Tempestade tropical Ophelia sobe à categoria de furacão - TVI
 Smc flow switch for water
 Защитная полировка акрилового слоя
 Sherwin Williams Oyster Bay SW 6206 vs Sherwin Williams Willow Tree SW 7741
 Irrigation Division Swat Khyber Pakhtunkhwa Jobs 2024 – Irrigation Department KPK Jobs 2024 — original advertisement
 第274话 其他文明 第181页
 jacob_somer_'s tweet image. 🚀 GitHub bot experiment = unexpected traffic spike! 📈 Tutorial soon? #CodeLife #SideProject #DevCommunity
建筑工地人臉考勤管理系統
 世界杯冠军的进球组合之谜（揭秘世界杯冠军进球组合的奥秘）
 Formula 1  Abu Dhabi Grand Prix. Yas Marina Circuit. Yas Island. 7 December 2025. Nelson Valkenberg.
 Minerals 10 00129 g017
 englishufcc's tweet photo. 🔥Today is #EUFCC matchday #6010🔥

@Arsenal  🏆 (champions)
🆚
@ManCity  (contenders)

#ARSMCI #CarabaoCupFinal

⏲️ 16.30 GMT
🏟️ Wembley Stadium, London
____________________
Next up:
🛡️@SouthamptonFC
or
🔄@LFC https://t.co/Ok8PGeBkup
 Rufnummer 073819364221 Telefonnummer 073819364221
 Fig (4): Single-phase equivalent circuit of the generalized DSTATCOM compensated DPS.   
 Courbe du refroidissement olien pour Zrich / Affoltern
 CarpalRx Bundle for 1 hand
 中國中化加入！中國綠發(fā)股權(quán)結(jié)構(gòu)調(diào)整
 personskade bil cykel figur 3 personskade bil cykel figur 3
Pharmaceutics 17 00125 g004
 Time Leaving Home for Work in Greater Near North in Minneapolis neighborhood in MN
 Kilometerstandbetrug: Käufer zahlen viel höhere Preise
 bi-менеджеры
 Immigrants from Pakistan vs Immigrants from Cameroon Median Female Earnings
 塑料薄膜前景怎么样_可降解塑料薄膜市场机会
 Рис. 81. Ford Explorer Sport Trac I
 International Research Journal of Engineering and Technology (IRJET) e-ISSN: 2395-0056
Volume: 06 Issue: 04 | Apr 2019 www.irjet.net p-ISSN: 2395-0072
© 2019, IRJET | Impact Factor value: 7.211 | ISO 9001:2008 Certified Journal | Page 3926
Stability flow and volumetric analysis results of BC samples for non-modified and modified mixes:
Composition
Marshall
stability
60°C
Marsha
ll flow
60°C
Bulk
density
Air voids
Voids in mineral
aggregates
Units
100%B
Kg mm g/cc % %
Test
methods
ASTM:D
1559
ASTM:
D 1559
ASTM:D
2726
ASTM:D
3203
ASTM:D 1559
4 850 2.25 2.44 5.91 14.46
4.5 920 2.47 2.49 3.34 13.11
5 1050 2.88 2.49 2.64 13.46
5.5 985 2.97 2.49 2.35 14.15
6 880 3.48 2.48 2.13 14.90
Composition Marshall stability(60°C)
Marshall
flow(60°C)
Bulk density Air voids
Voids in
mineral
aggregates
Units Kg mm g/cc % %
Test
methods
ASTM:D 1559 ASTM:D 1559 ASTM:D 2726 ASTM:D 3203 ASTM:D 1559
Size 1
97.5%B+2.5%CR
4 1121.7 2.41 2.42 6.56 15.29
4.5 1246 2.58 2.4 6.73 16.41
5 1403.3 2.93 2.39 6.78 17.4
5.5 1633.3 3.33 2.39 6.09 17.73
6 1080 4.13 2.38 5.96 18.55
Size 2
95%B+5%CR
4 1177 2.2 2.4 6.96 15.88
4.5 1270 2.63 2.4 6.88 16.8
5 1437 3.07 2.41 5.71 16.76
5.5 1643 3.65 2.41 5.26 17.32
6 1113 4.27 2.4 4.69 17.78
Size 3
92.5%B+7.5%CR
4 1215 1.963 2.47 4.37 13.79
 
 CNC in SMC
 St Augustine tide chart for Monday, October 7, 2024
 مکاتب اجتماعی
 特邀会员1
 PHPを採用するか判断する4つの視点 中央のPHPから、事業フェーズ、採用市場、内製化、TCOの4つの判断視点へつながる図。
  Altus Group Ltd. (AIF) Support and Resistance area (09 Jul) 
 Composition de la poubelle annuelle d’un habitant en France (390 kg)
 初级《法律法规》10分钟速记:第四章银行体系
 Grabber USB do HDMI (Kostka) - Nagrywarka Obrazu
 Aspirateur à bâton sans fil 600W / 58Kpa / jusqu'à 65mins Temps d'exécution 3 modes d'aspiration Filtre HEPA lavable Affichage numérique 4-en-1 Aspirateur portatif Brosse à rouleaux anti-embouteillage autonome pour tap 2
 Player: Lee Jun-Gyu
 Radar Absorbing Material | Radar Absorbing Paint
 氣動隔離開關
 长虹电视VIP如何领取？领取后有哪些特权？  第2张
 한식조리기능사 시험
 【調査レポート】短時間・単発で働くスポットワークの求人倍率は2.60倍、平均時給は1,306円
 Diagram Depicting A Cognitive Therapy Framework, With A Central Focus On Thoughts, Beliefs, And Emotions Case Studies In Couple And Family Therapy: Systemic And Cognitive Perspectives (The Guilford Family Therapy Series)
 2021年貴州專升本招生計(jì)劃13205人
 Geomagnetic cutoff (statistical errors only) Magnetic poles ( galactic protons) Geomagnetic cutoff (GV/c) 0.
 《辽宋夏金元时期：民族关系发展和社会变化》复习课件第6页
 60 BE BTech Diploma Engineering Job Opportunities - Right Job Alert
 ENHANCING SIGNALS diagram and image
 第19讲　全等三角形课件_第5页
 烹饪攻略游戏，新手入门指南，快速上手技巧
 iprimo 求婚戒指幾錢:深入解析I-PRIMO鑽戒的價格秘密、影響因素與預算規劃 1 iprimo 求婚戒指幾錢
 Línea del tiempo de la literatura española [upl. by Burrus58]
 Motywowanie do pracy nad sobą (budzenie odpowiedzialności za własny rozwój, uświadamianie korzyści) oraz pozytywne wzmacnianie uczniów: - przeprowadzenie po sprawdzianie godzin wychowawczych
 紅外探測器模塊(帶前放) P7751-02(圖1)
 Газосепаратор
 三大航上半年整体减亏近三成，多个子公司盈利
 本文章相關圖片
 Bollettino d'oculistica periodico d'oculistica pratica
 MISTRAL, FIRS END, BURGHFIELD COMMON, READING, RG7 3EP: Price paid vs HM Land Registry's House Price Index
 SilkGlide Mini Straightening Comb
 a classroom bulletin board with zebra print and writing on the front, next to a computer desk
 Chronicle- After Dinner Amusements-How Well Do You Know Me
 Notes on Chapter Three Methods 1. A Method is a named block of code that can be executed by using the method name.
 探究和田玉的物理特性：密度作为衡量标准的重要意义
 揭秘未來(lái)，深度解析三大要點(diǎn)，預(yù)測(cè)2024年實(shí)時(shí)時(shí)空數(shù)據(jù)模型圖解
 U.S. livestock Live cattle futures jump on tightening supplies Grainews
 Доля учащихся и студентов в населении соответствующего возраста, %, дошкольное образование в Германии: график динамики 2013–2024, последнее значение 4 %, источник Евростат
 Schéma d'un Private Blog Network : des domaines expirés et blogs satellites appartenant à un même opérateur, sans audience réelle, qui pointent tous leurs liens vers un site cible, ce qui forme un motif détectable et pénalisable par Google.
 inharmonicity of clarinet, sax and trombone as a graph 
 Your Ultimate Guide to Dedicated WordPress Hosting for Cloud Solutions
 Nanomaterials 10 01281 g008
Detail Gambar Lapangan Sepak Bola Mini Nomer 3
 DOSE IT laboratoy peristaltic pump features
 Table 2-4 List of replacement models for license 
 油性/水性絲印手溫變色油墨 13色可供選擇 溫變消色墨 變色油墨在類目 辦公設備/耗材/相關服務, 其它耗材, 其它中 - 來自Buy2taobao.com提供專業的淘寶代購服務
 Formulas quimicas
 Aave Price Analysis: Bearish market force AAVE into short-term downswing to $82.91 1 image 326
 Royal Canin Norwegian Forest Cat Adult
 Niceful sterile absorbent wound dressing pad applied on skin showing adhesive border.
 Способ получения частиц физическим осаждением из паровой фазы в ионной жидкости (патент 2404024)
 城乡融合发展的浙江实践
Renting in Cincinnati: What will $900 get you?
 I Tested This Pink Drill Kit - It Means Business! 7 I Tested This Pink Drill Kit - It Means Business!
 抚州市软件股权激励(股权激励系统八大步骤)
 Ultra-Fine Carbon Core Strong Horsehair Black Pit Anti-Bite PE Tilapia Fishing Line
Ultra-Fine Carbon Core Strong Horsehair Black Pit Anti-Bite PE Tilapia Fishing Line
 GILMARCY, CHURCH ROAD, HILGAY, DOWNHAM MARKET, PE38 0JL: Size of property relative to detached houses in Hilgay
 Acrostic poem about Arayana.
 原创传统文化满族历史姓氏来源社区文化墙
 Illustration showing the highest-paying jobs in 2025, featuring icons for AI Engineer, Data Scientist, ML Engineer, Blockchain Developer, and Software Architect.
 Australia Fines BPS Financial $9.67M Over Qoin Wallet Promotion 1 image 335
********************
## [Your objective]
Your answer must be the lines from the one with "城乡融合发展的浙江实践" through the last line of the data, repeated exactly and with nothing else.

## [Finished exercise]
 城乡融合发展的浙江实践
Renting in Cincinnati: What will $900 get you?
 I Tested This Pink Drill Kit - It Means Business! 7 I Tested This Pink Drill Kit - It Means Business!
 抚州市软件股权激励(股权激励系统八大步骤)
 Ultra-Fine Carbon Core Strong Horsehair Black Pit Anti-Bite PE Tilapia Fishing Line
Ultra-Fine Carbon Core Strong Horsehair Black Pit Anti-Bite PE Tilapia Fishing Line
 GILMARCY, CHURCH ROAD, HILGAY, DOWNHAM MARKET, PE38 0JL: Size of property relative to detached houses in Hilgay
 Acrostic poem about Arayana.
 原创传统文化满族历史姓氏来源社区文化墙
 Illustration showing the highest-paying jobs in 2025, featuring icons for AI Engineer, Data Scientist, ML Engineer, Blockchain Developer, and Software Architect.
 Australia Fines BPS Financial $9.67M Over Qoin Wallet Promotion 1 image 335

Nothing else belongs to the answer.